We’ve had a few clients ask about taxes on gifts. Well, here’s the low-down.
A tax-payer can give up to $15,000 per year/per recipient (2018) without triggering gift tax. The recipient can be family, non-family, adult or child. Here’s an example: A person wants to give out some gifts to the following people; Daughter, son-in-law, three grandchildren, and mailman. Each person can receive up to $15,000 without any tax effect to the giver or receiver. That’s a total of $90,000. This can be done in December of 2018 and then again to the same people in January 2019. If the tax-payer is married, the spouse can give the same amount to the same people, thus doubling the potential gifts.
What if you want to give more than $15,000 to a recipient in one year?
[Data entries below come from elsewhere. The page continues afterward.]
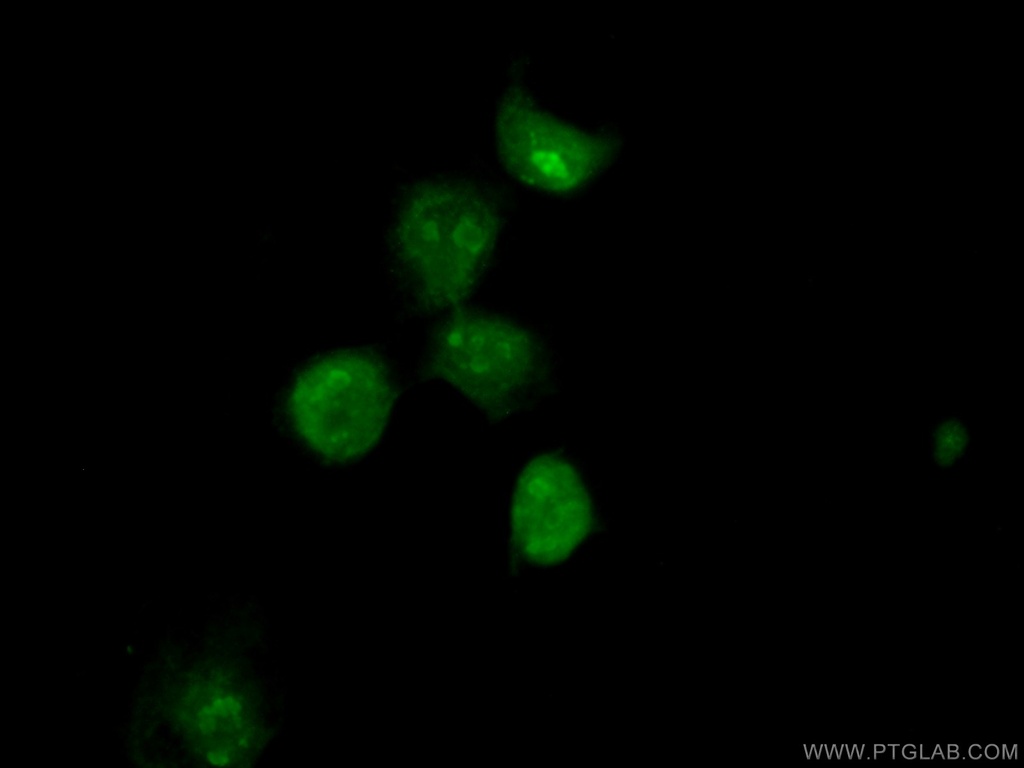 RCOR3 Polyclonal antibody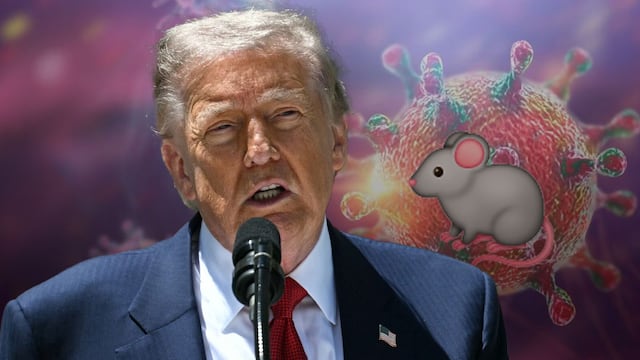 Trump descarta alarma por hantavirus ante posibles casos en Estados Unidos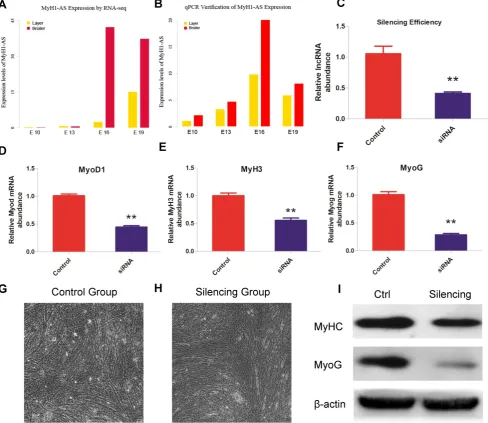 Fig. 8. Role of lncRNA MyH1-AS in skeletal muscle satellite cells differentiation. (A) Expression levels of MyH1-AS in layers and broilers at different developmental between control and silencing group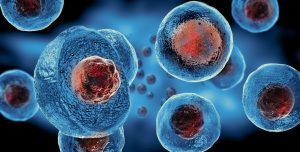 transform your life today with stem cells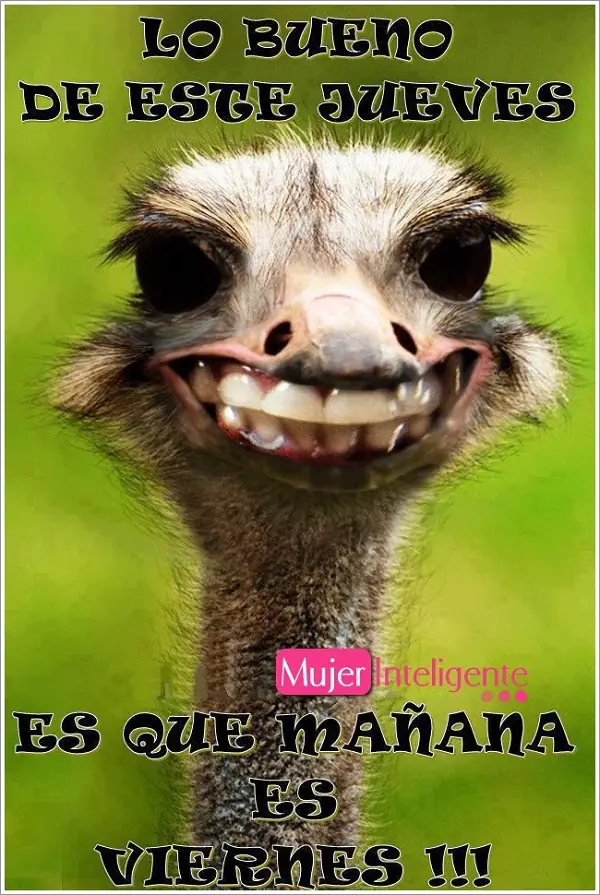 Imágenes graciosas buenos días viernes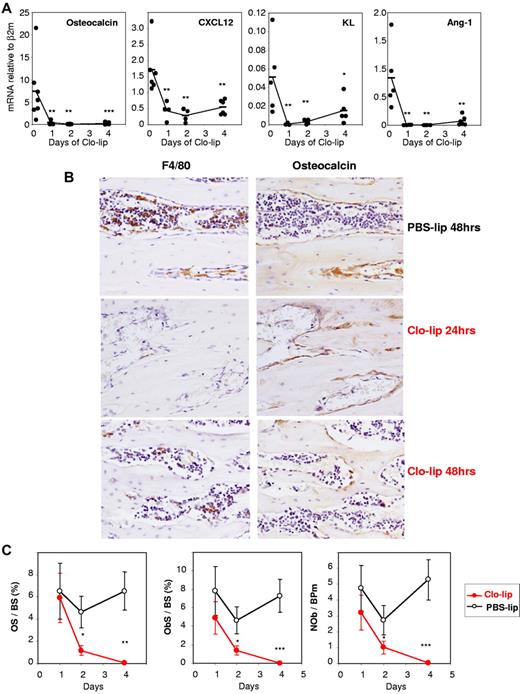 Figure 6. Effect of clodronate-loaded liposomes on endosteal niches. (A) Time course of clo-lipo treatment on mRNA expression of osteocalcin, CXCL12, KL, and Ang-1 in endosteal cells relative to β2-microglobulin. Each symbol represents 1 mouse, and bars are average for each group. ***P < .001, **P < .01, and *P < .05 between PSB-lip– (time 0) and clo-lip–treated mice. (B) Immunohistochemical staining of femoral sections from C57BL/6 mice treated with clo-lip (24 or 48 hours) or PBS-lip (48 hours). Brown positive staining for F4/80 and osteocalcin is shown in near serial sections of metaphysal bone. Clo-lip treatment resulted in the depletion of F4/80+ cells at 24 and 48 hours after clo-lip treatment. Subsequent reduction in osteocalcin+ osteoblasts occurred at 48 hours. All sections were counterstained with hematoxylin. Original magnification ×20. (C) Histomorphometry for osteoid surface per bone surface (OS/BS), osteoblast surface per bone surface (ObS/BS), and number of osteoblasts per bone perimeter (NOb/BPm) in the trabeculae of the proximal tibial secondary spongiosa from mice treated with clo-lip or PBS-lip. Data are means ± SEM of both tibias from 4-8 mice per group. *P < .05, **P < .01; and ***P < .001.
Normally a gift in excess of the exemption ($15,000 in 2018) would trigger potential gift tax, HOWEVER, thankfully we have the Unified Credit. What does this mean? When a person dies their estate can exclude a certain amount of their estate from estate tax. In 2018 the estate tax exemption is $5.6 million per person (married couple would double this). So, if a person dies in 2018, the first $5.6 million passes to the heirs without tax. The nice thing about the Unified Credit is that if you give gifts during your life that exceed the annual exclusion, you can use your estate tax exemption. Let’s take a look at an example. Here’s a breakdown of gifts the tax-payer would like to make:
Family Members: 5 x $100,000 = $500,000 (exceeds gift tax exclusion by $425,000)
Mailman: 1 x $15,000 = $15,000 (exceeds gift tax exclusion by $0)
When doing his taxes, the donor would claim $90,000 in gift tax exemptions AND $425,000 towards his estate tax exemption amount. If when the giver dies the estate exemption was the current 2018 amount ($5.6 million), the executor of the executor of the estate would need to reduce the exemption by $425,000, thus allowing the estate to pass along $5,175,000 tax-free.